The following entries can be found in multiple terminals in Fort Bannister in the Fallout 3 add-on Time and Tide.

Job Reports/Updates

Clear the Mall


Employer: Enclave
Mission: Clear the Mall for fuck knows what.
Misc. info: Possible super mutant behemoth, heavy mutant infestation, slaver presence in the area.
Job Status: Incomplete

Destroy the Regulators


Employer: N/A
Mission: Find the Regulator base and WRECK IT.
Misc. info: Believed to be masked as a brahmin farm, radscorpion/deathclaw threat nearby.
Job Status: Incomplete

Kill Reilly's Rangers


Employer: N/A
Mission: Find and kill Reilly's Rangers.
Misc. info: Reilly's Rangers are trapped on the Statesman, team sent.
Job Status: Hopefully complete.

Collect ears


Employer: Littlehorn (figure out more about this asshole)
Mission: Bring ears of white knights to Littlehorn for compensation.
Misc. info: Brotherhood of Steel patrols ripe for the picking, super mutant hostages also easy to kill.
Job Status: Under way.

Retrieve Tenpenny's treasure


Employer: Tenpenny
Mission: Go to Fort Constantine and retrieve his reward (in exchange of ours)
Misc. info: Robot threat alongside raiders (target practice).
Job Status: Team dispatched.

Personnel terminal

Recruiting tactics


Fellow Talon soldiers, we're out and about rather frequently, and people tend to either run or die, but those who stick around, here are some tips for having them stick around longer.
1. Recruit children and very poor people:
These people can both be indoctrinated fairly easily and forced to do whatever we please.
2. The promise of wealth:
Money floats a ton of peoples boats. You can usually get a lot of people to go with you if you promise they will be rich.
3. If all else fails, threaten their lives.
They'll forgive you soon enough once in on our operation. Do NOT hesitate to kill any who try to hurt you.

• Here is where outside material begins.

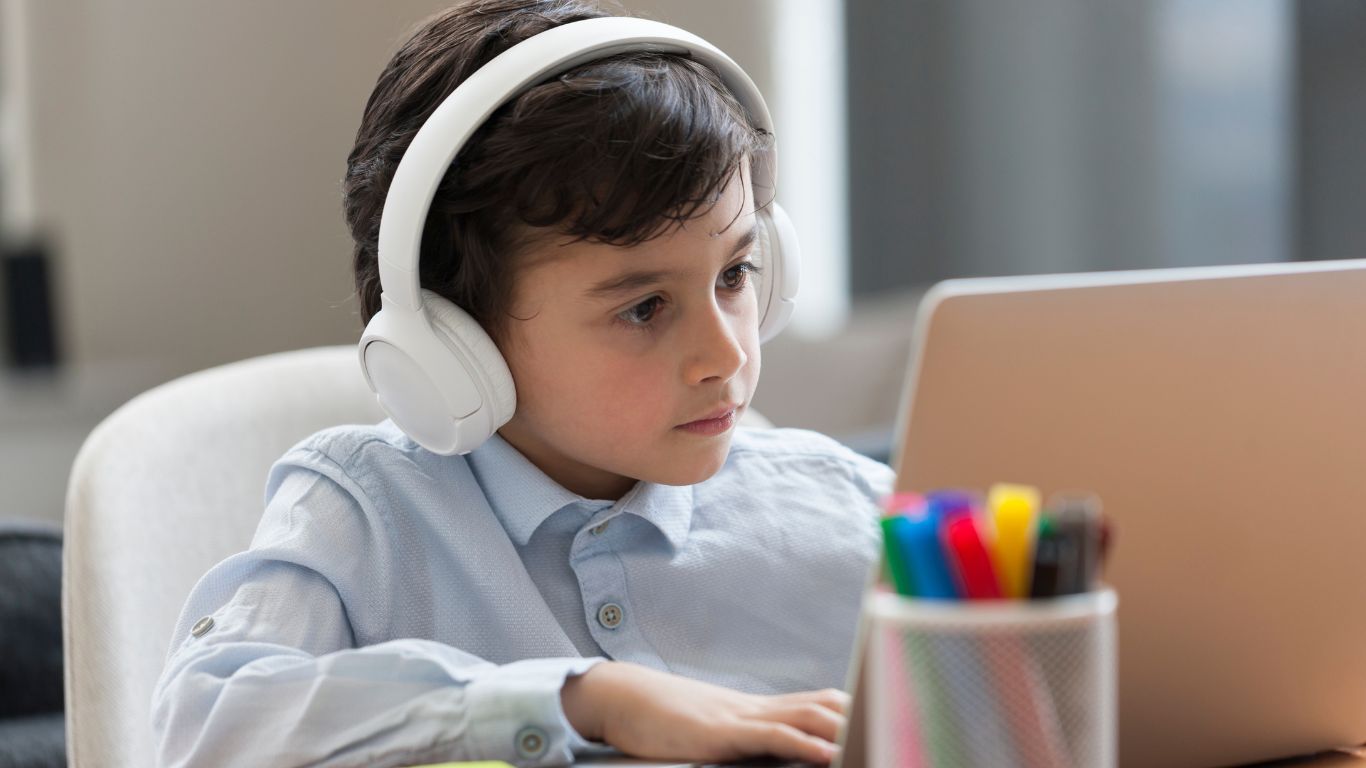 Boy focused on e-learning.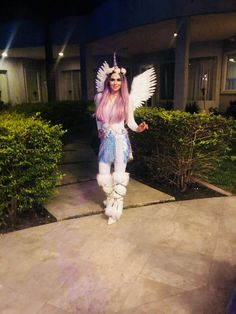 a woman dressed up as an angel standing in front of a house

Once they're with you, here are some ideas for making them cold-blooded killers.
1. Have them kill any Talons who weasel out.
Every now and then, we get a weak stomached little shithead who just can't handle our line of work. If they want out, give them a lead checkout.
2. Have them kill innocents or white knights.
The more the merrier on this one!
3. Give them more money the worse things they do.
Soon, they won't even question what they do if they're rolling in caps.

Happy hunting, boys!

Commander Jabsco's terminal

Fort Bannister discovery


Hot DAMN this place had some ordnance! Tons of armor, tons of weapons, JACKPOT! Me and my crew, the Talons, we aren't doing our raiding and pillaging no more, we're going legit! The world can say hello to Talon Company!

"Jetting" Jabsco


There's been a joke around the base that because I don't fight no more, I'm "Jetting" Jabsco. I've made a nice new thing where any recruits who bring me names of people who say this get a reward of caps, and they get to kill the guy. So I exaggerate what I did in the Talons... so what, I didn't kill forty Brotherhood Paladins in one night? Big FUCKIN' woop! I'm the leader, and they listen.

Old Talons terminal

Old Olney raid


We hopped into town and killed the civilians, took their shit, pretty normal raid... one fucking problem. Our failure scouts obviously didn't notice Deathclaws beforehand, and Deathclaws got attracted to our gunfire. Now our executed scouts and around four Talons are dead. Fucking hell.

Canterbury Commons raid


One of our guys scouted out the place, said it looked pretty normal. Caravans came in and out like clockwork. Then, he saw the robots and the ants. After thinking he was on a jet-trip, he called it in. We decided not to raid the Commons.

Fort Bannister raid


There's robots all over this fucking joint. Some of our guys smarter with tech found out how to re-program robots to fight for us. We actually used a few sentry bots to clear out the building. No casualties on our side. For once, flawless.